Infinitude of Primes - Euclid’s Proof | Formal Proofs from THE BOOK

Let us jump right in by considering Euclid’s proof of the infinitude of primes as written down by Aigner and Ziegler.

Proof. For any finite set \(\{ p_1, \ldots, p_r \}\) of primes, consider the number \(n = p_1 p_2 \cdots p_r + 1\). This \(n\) has a prime divisor \(p\). But \(p\) is not one of the \(p_i\): otherwise \(p\) would be a divisor of \(n\) and of the product \(p_1 p_2 \cdots p_r\), and thus also of the difference \(n − p_1 p_2 \cdots p_r = 1\), which is impossible.

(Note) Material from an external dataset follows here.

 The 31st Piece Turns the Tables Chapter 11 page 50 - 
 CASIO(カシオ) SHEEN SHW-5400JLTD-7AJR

So a finite set \(\{p_1, \ldots , p_r \}\) cannot be the collection of all prime numbers.

Aigner, M., & Ziegler, G. M. (5th ed.). Proofs from THE BOOK, p. 3.

Before going through the proof, it is helpful to think about what exactly this particular version of the proof is establishing. The final conclusion that “a finite set \(\{p_1, \ldots , p_r \}\) cannot be the collection of all prime numbers” suggests that the statement that most directly follows from the given proof is the following.

1 2	theorem infinitude_primes (S : Finset ℕ) (hS : ∀ s ∈ S, Nat.Prime s) : ∃ p, Nat.Prime p ∧ p ∉ S := by

Read literally, this states that given any finite set of integers \(S\) (S : Finset ℕ) s.t. all elements \(s \in S\) are prime (hS : ∀ s ∈ S, Nat.Prime s) there exists some integer \(p\) (∃ p) that is prime (Nat.Prime p) and not in \(S\) (p ∉ S). Based on this goal, let us go through the actual steps of the proof one by one. “Consider the number \(n = p_1 p_2 \cdots p_r + 1\)” is taken care of easily:

1	let n := (∏ i in S, i) + 1

“This \(n\) has a prime divisor \(p\)” is a seemingly innocent statement: if we investigate Nat.exists_prime_and_dvd in mathlib, it does in fact tell us that \(n\) as a natural number has a prime divisor … as long as \(n \neq 1\). So let us establish that this is in fact true in the form of the claim n_ne_one. Here we first invoke Nat.succ_ne_succ, so that instead of \(n \neq 1\) we have to show that \(p_1 p_2 \cdots p_r \neq 0\), then Finset.prod_ne_zero_iff, which says that this is true if and only if none of the \(p_i\) are \(0\). That last part is of course the case as the \(p_i\) are prime (Nat.Prime.ne_zero).

1
2
3

    have n_ne_one : n ≠ 1 := by
      rw [Nat.succ_ne_succ, Finset.prod_ne_zero_iff]
      exact fun s s_in_S ↦ Nat.Prime.ne_zero (hS s s_in_S)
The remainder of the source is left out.